A student, and a bright one, on my asking her why she kept using such poncy phrases – you know the ones, those cod-academic words and formulations which scream ‘I have no fucking idea what I’m doing but I think I can fool you if I write lexis often enough’ – said simply ‘we were told that academics never say word, they say lexis’. I sighed and pointed out that it didn’t work in her essay and it sounded poncy and what’s wrong with just saying what you mean. She just repeated her maxim. I asked who told her this, and she said ‘my 6th form tutor’. Ah, I said. Answer me this. Who am I? ‘My tutor’. Yes, but more generally? ‘An … academic?’ Bingo! Did your 6th form tutor have a phd? ‘No.’ Did he/she ever teach at university? ‘No.’ And yet you take their word on what an academic will write over mine? Silence.
Everyone likes to be given simple instructions. Do this, and this will occur. Cause – effect. But the study of literature simply is not like that.
To study literature you need to do one thing above all others – read books. These need to be real books, not books about books. And yet there is increasingly no need.
The Guardian has launched a set of resources for teachers. They are designed, no doubt, with the best interests of both teacher and student at heart. But, like york notes, spark notes and all the rest, the fuck children up. And Universities will increasingly do the same, as parents demand their darlings be drilled rather than educated. Fucking idiots.

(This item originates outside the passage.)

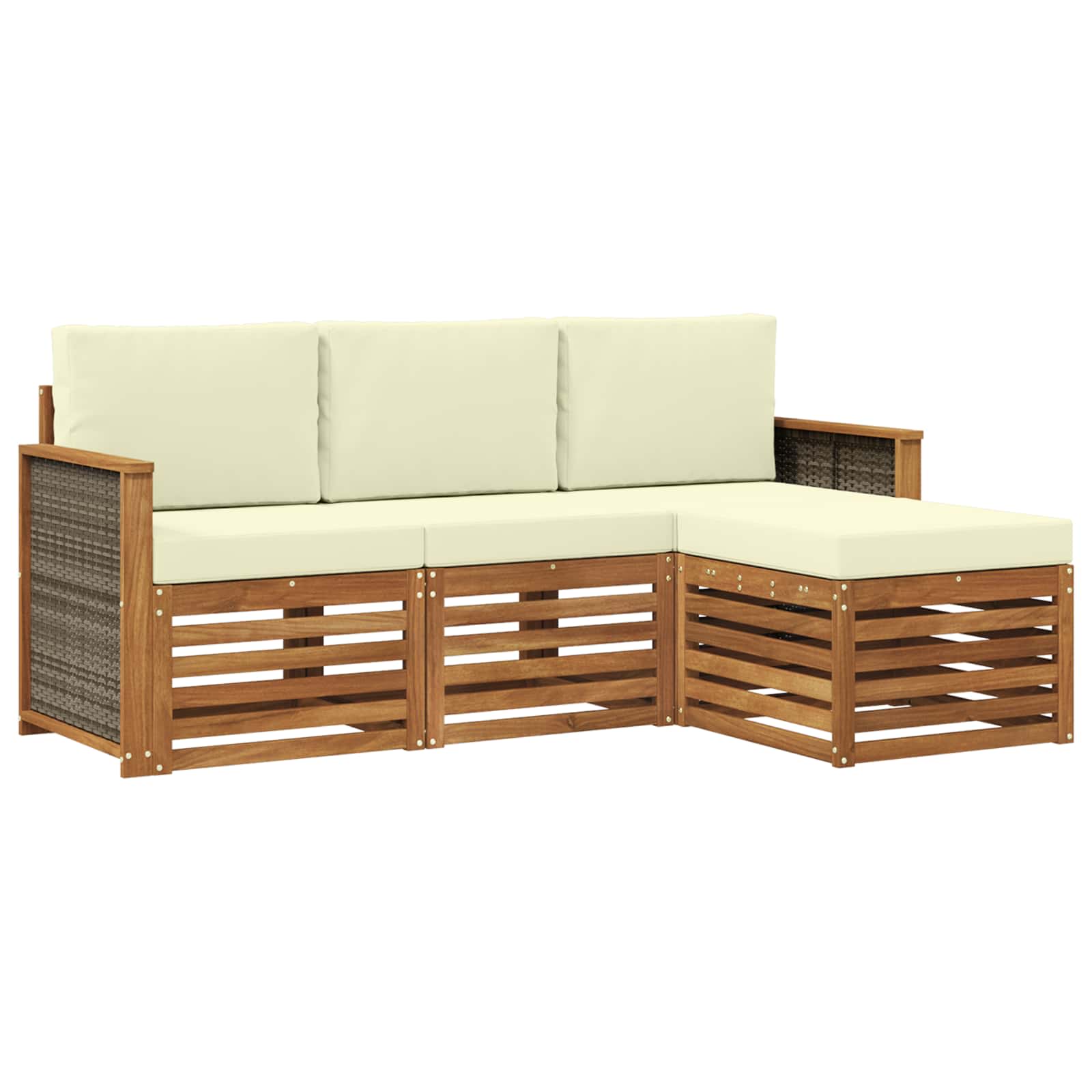 vidaXL Sofa-Sets 4 pcs Naturel Massief Acaciahout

They fuck you up, your mum and dad
But only when they attend to your every need. Ignoring the fact that the Guardian may put these cheat books out of business, the real problem is that they replace the one great need for students. It is no longer necessary to read the text, so by the time they’re at university, they have forgotten how to. To add insult to injury, they then proceed to expound with no little eloquence on one text. Impressed at their sudden ‘getting’ of it, you ask a question, or, more daring, pose one.
Suddenly, you’re stuck with Nigel Tufnel being asked the fatefull question, ‘why don’t you just make ten louder?’
‘But … this one goes up to eleven …’
And, once more, you hold you head in your hands. Stop it, Guardian. You’re not helping. In fact, you’re making it worse. This may well be why so many of your bright young journalistic things write such egregious tosh. It’s not because they don’t read, but because the can’t – they see the words, but no meaning reaches their dull little brains. And when they read it back, they don’t think to themselves ‘what a load of shit’. They just smile, and wait for the credits to appear in their bank accounts.
They may not be able to read, but they sure can count.